The Coens’ koan

Can they map life’s essential chaos?

M. Emmet Walsh in <i>Blood Simple</i>.

M. Emmet Walsh in Blood Simple.

The movie O Brother, Where Art Thou? opens with three convicts escaping from a chain gang and trying to decide how to select their leader. The one with the most capacity for “abstract thought” should be that person, suggests George Clooney’s character. Lacking the ability to determine who that might be, they take a vote. Clooney’s and John Turturro’s characters each vote for themselves. Their partner innocently declares his choice: “I’m with you guys.”

So it is that within the film’s first three minutes, the specters of rational thought and democracy are slain, and we are on a journey through another madness induced by Ethan and Joel Coen, the writer-director team who previously created such masterpieces as Blood Simple, Miller’s Crossing and Fargo. Midway through O Brother, a Depression-era comedy based on Homer’s Odyssey, one of the convicts advises another that, “only a fool looks for logic in the chambers of the human heart.” At film’s end they survive a flood by grasping onto a coffin, the Clooney character happily announcing “a veritable Age of Reason,” since the ravaging waters are the result of the arrival of the Tennessee Valley Authority projects to electrify the South.

The mockery of human reason is the motive force of Coen Brother collaborations. Watch any of their films, and you will find the most unsubtle of attacks on reason and the “truth” in which it results. In Blood Simple, the humiliated husband warns the private detective who has brought him photos of his wife’s unfaithfulness that, “in ancient Greece they cut off the head of the messenger.” The Texas P.I. snickers, reminding his contractor that this isn’t Greece and, “Anyway, I can crawl around without it.” Neither the birthplace of Western rationalism nor the absence of a brain can stand in the way of the human animal.

Nor can Sigmund Freud. The unfaithful wife in Blood Simple, played by Frances McDormand, tells her lover, in a thick country accent while pointing a finger at her own head, about her husband: “Marty says, up here, he’s anal.” Her lover tries to take this in, and finally pronounces, “I’ll be damned.” The most explicit statement of their hostility to the claims of reason comes, logically enough, in their film about a screenwriter, Barton Fink. There, an armed traveling salesman, played by John Goodman, reveals his homicidal madness, stalking through a hallway of fire, asking, “Do you want to see the life of the mind? Do you want to see the life of the mind?”

If our answer is yes, the Coen brothers almost always oblige us with a bullet to the head.

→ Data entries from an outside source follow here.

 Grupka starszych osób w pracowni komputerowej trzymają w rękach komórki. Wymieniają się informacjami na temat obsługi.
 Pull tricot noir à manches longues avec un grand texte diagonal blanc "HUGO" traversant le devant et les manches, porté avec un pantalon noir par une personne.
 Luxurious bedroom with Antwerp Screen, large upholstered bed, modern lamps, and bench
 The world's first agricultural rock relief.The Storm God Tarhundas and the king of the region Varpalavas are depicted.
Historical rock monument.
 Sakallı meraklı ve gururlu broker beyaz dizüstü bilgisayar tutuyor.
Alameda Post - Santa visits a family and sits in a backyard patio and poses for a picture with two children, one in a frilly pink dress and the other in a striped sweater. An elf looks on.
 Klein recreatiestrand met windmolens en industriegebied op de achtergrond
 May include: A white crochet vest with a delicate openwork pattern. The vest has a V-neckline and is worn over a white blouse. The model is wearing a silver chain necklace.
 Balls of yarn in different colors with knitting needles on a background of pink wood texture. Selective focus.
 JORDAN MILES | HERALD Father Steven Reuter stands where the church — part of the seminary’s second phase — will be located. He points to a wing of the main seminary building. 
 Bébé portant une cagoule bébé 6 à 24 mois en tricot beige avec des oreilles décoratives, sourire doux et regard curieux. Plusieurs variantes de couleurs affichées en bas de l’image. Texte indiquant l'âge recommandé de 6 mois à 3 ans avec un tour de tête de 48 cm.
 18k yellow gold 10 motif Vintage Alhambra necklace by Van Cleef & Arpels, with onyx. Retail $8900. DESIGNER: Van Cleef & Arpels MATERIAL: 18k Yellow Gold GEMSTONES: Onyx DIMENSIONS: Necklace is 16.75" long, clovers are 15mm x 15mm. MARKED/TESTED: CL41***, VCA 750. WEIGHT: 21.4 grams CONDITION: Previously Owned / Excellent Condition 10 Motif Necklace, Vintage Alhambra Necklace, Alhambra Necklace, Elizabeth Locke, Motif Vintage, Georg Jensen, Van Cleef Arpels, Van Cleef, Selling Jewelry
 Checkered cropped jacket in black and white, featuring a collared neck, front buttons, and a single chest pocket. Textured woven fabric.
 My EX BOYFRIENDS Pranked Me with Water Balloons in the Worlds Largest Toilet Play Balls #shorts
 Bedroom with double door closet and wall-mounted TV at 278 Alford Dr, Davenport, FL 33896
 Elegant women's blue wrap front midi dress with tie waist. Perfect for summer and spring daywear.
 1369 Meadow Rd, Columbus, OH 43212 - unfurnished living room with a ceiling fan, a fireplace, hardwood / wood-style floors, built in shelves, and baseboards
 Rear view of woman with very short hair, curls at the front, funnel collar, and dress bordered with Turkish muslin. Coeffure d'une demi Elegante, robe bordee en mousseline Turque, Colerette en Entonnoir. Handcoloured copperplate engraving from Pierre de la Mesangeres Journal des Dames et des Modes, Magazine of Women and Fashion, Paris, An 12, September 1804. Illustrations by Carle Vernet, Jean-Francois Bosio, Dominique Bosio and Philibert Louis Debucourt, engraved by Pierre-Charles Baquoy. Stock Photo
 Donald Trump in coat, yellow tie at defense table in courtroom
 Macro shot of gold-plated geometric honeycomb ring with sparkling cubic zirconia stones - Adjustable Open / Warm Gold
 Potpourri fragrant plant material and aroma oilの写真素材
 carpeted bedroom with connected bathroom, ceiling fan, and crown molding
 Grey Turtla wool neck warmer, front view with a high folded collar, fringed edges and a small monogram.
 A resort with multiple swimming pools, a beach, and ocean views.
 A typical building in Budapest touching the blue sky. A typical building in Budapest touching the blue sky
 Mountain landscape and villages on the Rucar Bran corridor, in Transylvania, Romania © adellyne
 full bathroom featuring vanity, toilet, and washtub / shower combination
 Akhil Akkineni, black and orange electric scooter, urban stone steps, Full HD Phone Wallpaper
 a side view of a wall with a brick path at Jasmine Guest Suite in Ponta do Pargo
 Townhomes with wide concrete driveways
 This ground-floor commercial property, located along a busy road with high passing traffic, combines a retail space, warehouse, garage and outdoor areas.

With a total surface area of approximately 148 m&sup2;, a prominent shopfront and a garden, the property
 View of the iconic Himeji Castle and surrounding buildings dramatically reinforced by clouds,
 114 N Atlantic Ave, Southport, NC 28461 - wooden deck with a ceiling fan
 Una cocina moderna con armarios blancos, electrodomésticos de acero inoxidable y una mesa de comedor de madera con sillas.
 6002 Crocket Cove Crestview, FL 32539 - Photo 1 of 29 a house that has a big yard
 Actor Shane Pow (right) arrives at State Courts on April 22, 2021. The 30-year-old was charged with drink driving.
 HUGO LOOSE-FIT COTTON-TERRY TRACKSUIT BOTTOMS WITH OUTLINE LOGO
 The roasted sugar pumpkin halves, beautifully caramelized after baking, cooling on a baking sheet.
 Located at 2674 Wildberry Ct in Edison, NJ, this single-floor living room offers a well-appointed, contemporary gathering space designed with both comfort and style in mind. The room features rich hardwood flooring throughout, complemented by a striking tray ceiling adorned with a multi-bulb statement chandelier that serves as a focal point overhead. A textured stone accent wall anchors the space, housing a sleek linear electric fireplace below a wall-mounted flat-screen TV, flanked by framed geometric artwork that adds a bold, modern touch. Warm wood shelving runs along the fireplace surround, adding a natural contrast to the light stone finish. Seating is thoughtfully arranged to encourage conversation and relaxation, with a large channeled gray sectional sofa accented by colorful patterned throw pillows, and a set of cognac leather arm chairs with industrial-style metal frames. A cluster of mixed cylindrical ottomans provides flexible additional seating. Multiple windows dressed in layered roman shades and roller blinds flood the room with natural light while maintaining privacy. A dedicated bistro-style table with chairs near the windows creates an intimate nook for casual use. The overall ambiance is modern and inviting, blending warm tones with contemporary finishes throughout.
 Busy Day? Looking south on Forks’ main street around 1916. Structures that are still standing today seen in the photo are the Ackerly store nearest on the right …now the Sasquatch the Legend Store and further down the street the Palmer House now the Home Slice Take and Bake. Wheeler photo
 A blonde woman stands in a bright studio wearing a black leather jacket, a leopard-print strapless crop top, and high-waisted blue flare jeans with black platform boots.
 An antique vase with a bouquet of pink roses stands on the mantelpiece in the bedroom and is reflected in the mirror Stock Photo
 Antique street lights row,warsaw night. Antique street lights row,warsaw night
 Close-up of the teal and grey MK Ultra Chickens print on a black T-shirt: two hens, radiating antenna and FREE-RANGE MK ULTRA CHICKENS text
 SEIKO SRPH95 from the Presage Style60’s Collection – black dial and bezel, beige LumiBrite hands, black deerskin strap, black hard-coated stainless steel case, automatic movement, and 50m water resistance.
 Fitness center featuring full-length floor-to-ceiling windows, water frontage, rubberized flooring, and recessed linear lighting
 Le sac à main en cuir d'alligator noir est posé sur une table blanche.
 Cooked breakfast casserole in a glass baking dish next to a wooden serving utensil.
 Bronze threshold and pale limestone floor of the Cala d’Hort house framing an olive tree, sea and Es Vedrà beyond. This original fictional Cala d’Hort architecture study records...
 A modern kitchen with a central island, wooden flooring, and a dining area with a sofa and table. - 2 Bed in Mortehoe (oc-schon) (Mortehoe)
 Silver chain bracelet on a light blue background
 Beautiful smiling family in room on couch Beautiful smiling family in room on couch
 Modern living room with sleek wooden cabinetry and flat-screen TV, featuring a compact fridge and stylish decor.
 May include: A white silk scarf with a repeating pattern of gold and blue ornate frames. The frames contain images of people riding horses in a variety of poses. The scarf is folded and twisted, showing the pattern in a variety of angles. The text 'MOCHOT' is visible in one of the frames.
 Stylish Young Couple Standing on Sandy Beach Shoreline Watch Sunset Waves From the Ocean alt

At their most entertaining, the Coens offer up the product of reasoning, as in the complaint of a small-time crime boss which opens Miller’s Crossing: “It’s getting so a businessman can’t expect no return from a fixed fight. Now if you can’t trust a fix, what can you trust? … That’s why ethics is important. What separates us from the animals, beasts of burden, beasts of prey? Ethics.”

Even the always specific geographic settings of their characters, from Arizona salesmen to Minnesota cops, serve to exhibit the cultural matrices and limits within which homo sapiens work out their reasons for things.

But the energy of the Coens’ critique seems lately to have hit the same dead end that much of the postmodern movement has come to: once the fragility of whatever we might call truth is grasped, the question remains: How then shall we live? In their last two movies, The Big Lebowski and O Brother, the Coen boys seem to be reaching for the surreal and the mythological, where human rationality is somehow transformed to map life’s essential chaos. But these are among the weakest of their efforts, perhaps because in their drive to relentlessly attack the dominance of ideas, they remain dominated by their own.